8. Generate a key pair
8a. Go to Applications > GNU Privacy Guard > GPGKeychain and open GPG Keychain Access. You will get a message that says You do not have a private or secret key. Select Generate. Follow the instructions in the Make a new key assistant.
8b. At the Introduction screen select Continue.
8c. For the type of key, select DSA and ElGamal and Continue.
8d. Select a key size (I chose 4096) and Continue.
8e. Decide whether or not you want your key to expire and then Continue.
8f. Enter a full name (which can be fictitious), the e-mail address you wish to use this key in association with, uncheck Use my card from Address Book if you so desire, and then Continue.
8g. Set your passphrase and then Continue. You will need to remember this in order to encrypt/decrypt messages.
8h. Confirm your selections and Continue. Your key will be generated. This could take a while depending on the key size you chose.

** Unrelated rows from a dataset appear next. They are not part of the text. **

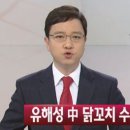 목동닭꼬치 이미지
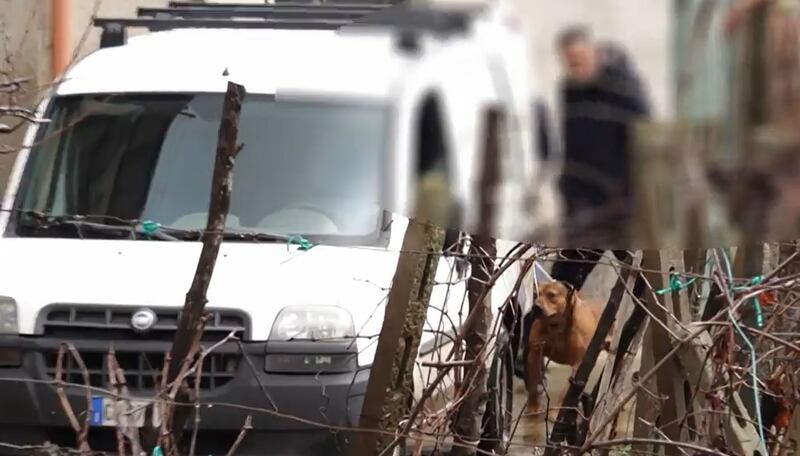 Il cane dell'aggressione di Palmi, dal servizio di Mattino 4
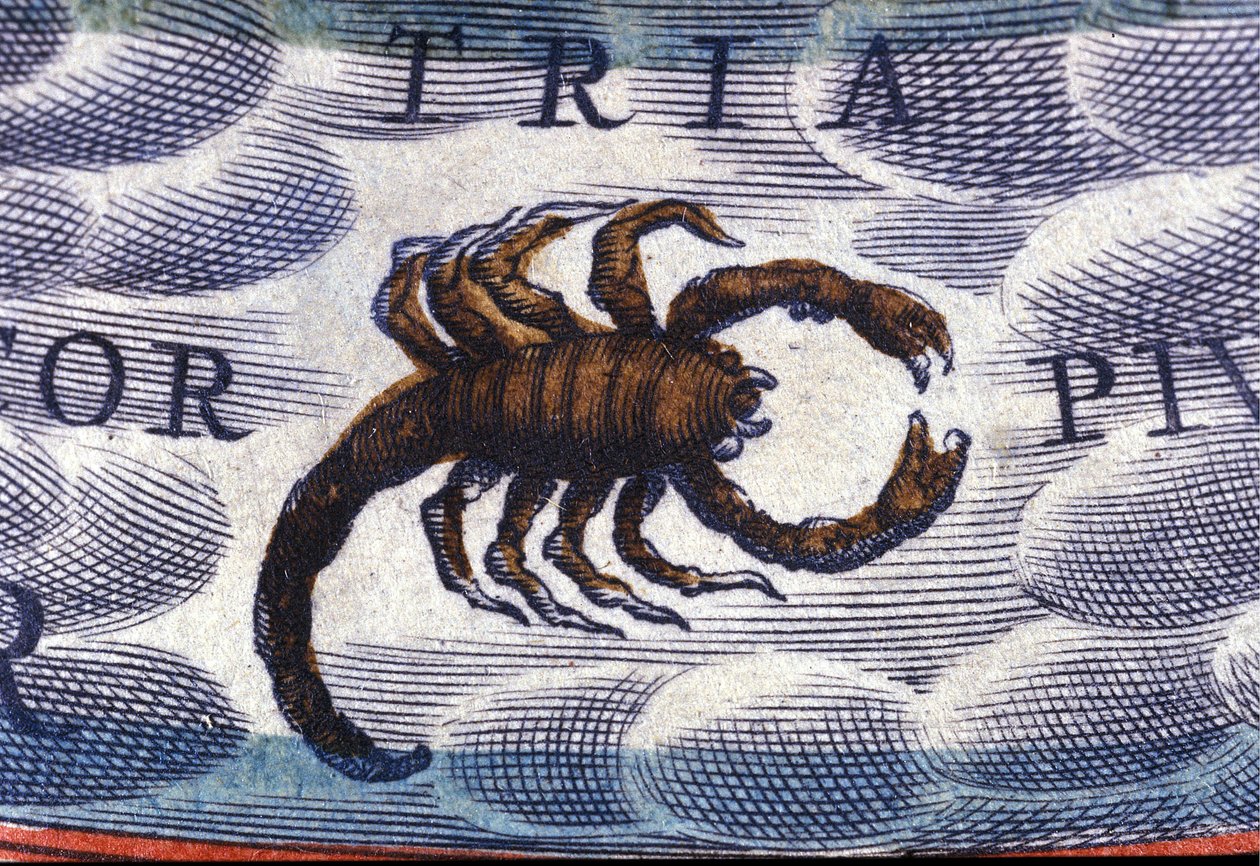 Horóscopo: signo del zodiaco, Escorpión de Unknown artist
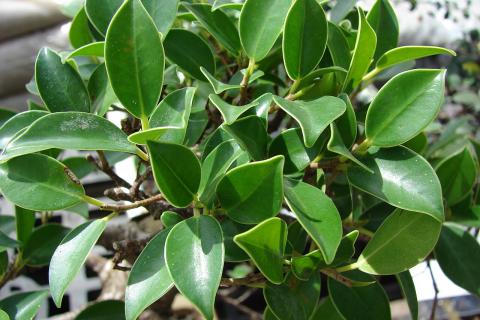 Фикус Бенджамина страдает зимой от холода и сухого воздуха — цветоводы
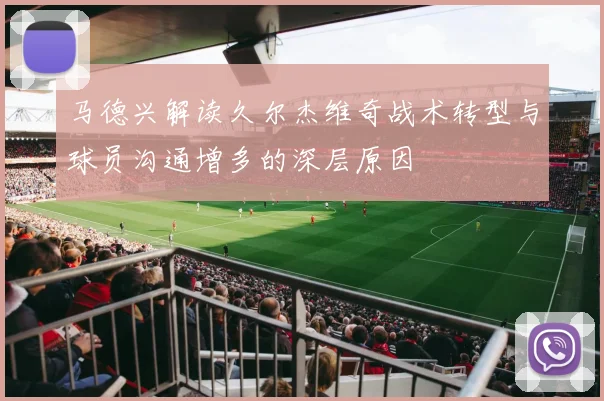 马德兴解读久尔杰维奇战术转型与球员沟通增多的深层原因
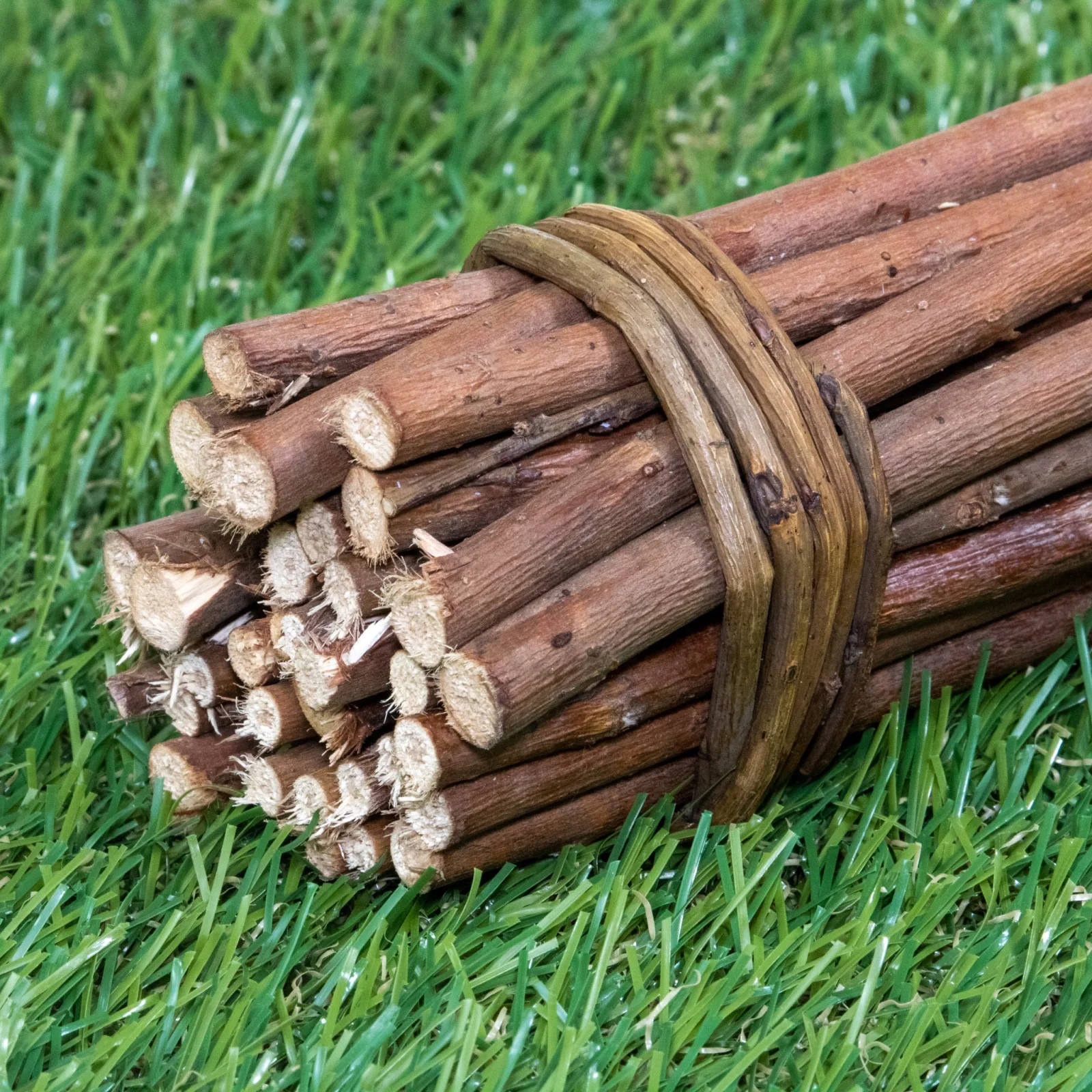 Bundle of Willow (Only 30 Available) - Image 2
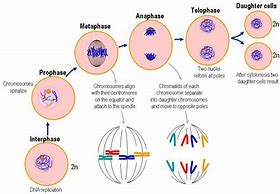 Image result for cell division process diagrams
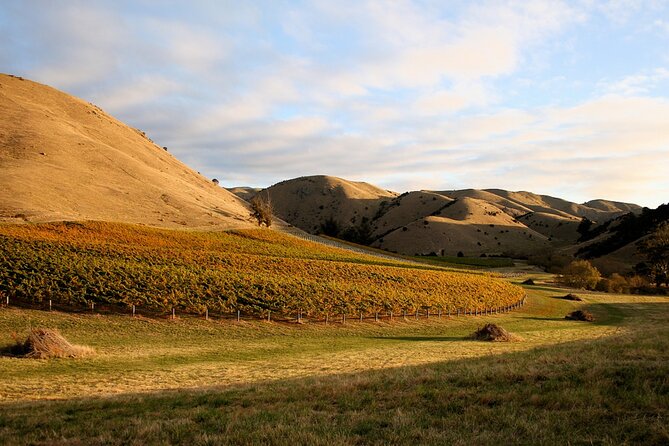 Marlborough Afternoon Wine Tour With Tastings - Accessibility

9. GPGMail: adds GnuPG support to Apple's Mail
9a. Download
Scroll down to the bottom of the " Mac GNU Privacy Guard page to the Links section. Follow the link called GPGMail to another website. Click the link called Download a little way down from the flags. Under the Download section, choose the 10.3 or 10.4 binaries, depending on your OSX version. This will download a file called GPGMail-10.4.dmg (filename will be different for 10.3).
9b. Verify
Return to the terminal window. At the prompt, verify the checksum with the command openssl md5 GPGMail-10.4.dmg and hit Return to execute the command. A string of numbers and letters will be returned. Compare this string with the string provided next to the download link on the GPGMail page. They should be the same. If they are not, do not use the file.
9c. Install
Don't follow the installation instructions on the web page. Instead, double-click the disk image file called GPGMail-10.4.dmg and the double-click the Install GPGMail icon in the .dmg file. From the .dmg file, select and drag the files called CpMac, plistutil, GPGMail.mailbundle, and Install GPGMail to your GPGMail folder. Then double-click the Documentation folder in the .dmg file, and click and drag the English.lproj sub-folder to your GPGMail folder.
9d. Cleanup
Delete all associated files EXCEPT the ones you put in the folder Applications > GNU Privacy Guard > GPGMail by dragging them to the trashcan in the dock, clicking the trashcan icon, and selecting Empty Trash.